### Listed entries
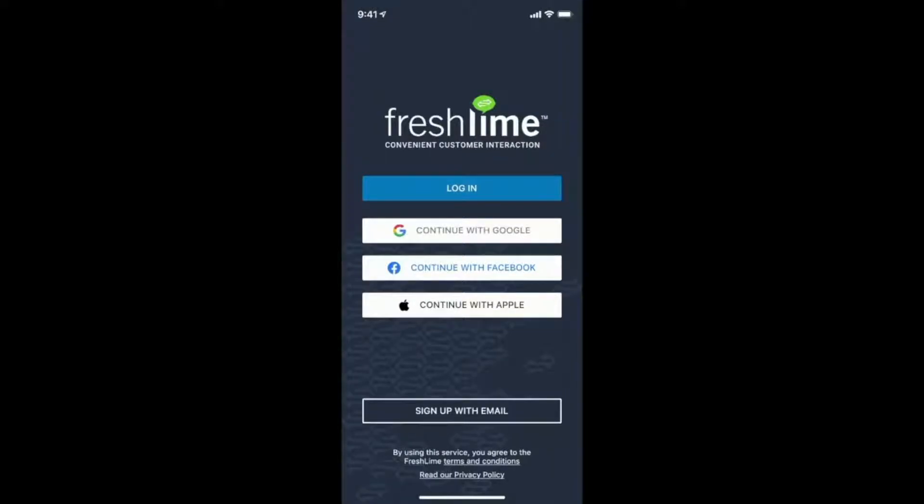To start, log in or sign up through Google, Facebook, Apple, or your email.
...
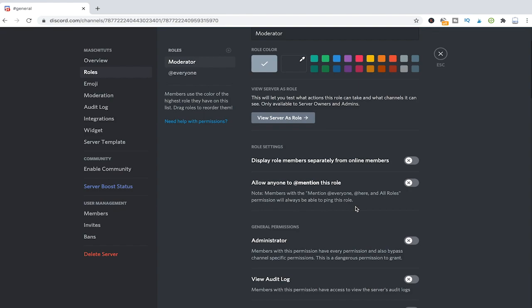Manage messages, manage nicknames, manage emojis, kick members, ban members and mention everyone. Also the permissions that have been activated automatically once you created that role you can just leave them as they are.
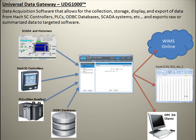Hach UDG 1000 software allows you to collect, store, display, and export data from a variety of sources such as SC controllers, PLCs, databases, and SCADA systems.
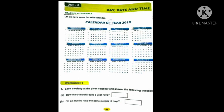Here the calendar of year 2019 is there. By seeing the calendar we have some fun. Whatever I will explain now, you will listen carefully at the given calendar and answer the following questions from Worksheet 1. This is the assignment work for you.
==
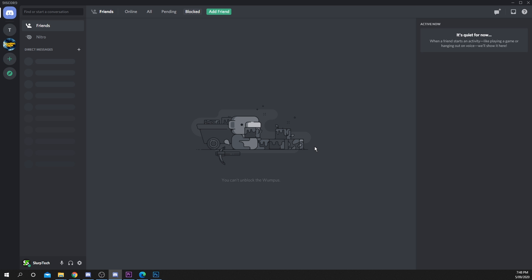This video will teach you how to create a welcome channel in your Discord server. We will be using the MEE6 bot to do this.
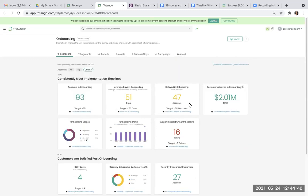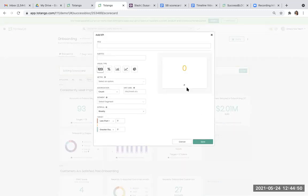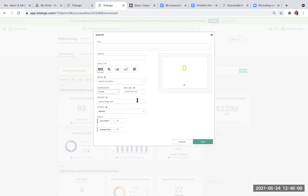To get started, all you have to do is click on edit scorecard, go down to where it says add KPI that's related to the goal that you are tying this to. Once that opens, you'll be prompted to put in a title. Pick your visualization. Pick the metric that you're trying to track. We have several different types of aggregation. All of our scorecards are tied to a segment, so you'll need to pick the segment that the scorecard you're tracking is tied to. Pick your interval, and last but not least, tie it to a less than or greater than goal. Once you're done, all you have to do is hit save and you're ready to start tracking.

### Aim of the exercise
Print the part of the listing above that opens with the line containing "Hach UDG 1000" and closes with the line containing "Here the calendar". Copy it exactly, both ends included, and omit the pictures.

### Reply to the exercise
Hach UDG 1000 software allows you to collect, store, display, and export data from a variety of sources such as SC controllers, PLCs, databases, and SCADA systems.
Here the calendar of year 2019 is there. By seeing the calendar we have some fun. Whatever I will explain now, you will listen carefully at the given calendar and answer the following questions from Worksheet 1. This is the assignment work for you.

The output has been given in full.